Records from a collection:
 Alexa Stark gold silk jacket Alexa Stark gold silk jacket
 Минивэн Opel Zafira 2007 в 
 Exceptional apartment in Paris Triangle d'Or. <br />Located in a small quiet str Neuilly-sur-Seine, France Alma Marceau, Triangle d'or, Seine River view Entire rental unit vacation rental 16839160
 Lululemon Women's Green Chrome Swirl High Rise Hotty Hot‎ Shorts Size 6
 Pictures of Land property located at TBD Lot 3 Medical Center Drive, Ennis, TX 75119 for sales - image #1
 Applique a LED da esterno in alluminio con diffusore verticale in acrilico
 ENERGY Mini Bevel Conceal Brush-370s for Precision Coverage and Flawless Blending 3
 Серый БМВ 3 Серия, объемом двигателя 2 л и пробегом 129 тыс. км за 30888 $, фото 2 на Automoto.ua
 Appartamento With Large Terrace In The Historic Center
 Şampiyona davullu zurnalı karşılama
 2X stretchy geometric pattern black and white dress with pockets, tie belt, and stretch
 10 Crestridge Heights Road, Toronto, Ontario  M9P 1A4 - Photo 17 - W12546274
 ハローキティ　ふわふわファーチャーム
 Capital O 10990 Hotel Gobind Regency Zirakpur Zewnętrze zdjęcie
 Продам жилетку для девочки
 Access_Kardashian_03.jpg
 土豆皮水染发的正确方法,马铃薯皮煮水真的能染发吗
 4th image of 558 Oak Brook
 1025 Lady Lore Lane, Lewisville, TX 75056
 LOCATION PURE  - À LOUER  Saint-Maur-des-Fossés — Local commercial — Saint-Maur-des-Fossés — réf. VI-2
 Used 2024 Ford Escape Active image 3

Work instructions |
Transcribe the records above from the line holding "ハローキティ　ふわふわファーチャーム" down to the line holding "Saint-Maur-des-Fossés — réf. VI-2", inclusive, without adding anything.

Exercise output |
 ハローキティ　ふわふわファーチャーム
 Capital O 10990 Hotel Gobind Regency Zirakpur Zewnętrze zdjęcie
 Продам жилетку для девочки
 Access_Kardashian_03.jpg
 土豆皮水染发的正确方法,马铃薯皮煮水真的能染发吗
 4th image of 558 Oak Brook
 1025 Lady Lore Lane, Lewisville, TX 75056
 LOCATION PURE  - À LOUER  Saint-Maur-des-Fossés — Local commercial — Saint-Maur-des-Fossés — réf. VI-2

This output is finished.